Physical Models for Solar Cycle Predictions

Abstract: The dynamic activity of stars such as the Sun influences (exo)planetary space environments through modulation of stellar radiation, plasma wind, particle and magnetic fluxes. Energetic stellar phenomena such as flares and coronal mass ejections act as transient perturbations giving rise to hazardous space weather. Magnetic fields -- the primary driver of stellar activity -- are created via a magnetohydrodynamic dynamo mechanism within stellar convection zones. The dynamo mechanism in our host star -- the Sun -- is manifest in the cyclic appearance of magnetized sunspots on the solar surface.
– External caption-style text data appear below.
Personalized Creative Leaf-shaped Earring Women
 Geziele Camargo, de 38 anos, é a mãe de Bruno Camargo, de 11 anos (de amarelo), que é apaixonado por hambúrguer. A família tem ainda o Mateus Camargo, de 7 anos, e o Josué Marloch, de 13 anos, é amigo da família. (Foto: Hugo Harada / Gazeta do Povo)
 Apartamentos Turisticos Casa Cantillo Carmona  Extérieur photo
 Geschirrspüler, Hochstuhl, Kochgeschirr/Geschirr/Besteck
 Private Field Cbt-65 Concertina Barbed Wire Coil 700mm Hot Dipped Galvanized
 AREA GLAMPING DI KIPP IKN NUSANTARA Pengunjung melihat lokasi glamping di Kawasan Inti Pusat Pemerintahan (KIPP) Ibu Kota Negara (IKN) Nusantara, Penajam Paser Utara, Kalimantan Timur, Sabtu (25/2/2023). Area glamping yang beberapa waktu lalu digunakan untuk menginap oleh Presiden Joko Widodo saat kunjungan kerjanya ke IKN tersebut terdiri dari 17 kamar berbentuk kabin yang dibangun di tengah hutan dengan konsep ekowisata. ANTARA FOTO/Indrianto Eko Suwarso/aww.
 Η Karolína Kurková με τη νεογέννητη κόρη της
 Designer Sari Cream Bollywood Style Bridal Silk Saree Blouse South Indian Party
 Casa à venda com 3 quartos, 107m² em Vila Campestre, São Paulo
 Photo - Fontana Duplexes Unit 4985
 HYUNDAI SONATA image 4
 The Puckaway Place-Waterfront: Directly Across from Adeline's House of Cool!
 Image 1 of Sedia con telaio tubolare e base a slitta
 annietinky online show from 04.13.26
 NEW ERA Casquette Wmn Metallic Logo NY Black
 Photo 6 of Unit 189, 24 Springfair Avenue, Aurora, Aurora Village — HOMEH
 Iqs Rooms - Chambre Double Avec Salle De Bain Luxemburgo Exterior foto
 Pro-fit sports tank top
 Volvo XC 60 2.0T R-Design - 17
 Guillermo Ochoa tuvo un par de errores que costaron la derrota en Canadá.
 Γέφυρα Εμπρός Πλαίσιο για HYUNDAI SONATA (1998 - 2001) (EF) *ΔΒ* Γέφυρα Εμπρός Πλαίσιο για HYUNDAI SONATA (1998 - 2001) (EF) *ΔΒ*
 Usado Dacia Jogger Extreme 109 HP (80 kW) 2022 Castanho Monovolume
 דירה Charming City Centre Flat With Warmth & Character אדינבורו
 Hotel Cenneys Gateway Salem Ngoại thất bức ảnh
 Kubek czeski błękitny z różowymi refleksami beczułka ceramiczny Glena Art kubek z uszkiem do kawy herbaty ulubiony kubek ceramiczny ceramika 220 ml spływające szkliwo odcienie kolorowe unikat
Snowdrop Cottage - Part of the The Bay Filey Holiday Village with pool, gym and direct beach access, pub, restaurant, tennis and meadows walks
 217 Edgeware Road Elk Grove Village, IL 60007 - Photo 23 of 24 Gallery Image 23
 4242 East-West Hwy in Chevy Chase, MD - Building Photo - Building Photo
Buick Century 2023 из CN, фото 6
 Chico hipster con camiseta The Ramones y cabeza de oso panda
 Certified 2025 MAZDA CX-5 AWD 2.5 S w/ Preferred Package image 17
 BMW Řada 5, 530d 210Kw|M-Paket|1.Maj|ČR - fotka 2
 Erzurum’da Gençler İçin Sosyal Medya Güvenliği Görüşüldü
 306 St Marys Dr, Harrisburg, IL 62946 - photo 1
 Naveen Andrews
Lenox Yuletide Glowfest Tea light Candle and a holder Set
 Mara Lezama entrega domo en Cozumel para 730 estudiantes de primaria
While sunspots have been directly observed for over four centuries, and theories of the origin of solar-stellar magnetism have been explored for over half a century, the inability to converge on the exact mechanism(s) governing cycle to cycle fluctuations and inconsistent predictions for the strength of future sunspot cycles have been challenges for models of solar cycle forecasts. This review discusses observational constraints on the solar magnetic cycle with a focus on those relevant for cycle forecasting, elucidates recent physical insights which aid in understanding solar cycle variability, and presents advances in solar cycle predictions achieved via data-driven, physics-based models. The most successful prediction approaches support the Babcock-Leighton solar dynamo mechanism as the primary driver of solar cycle variability and reinforces the flux transport paradigm as a useful tool for modelling solar-stellar magnetism.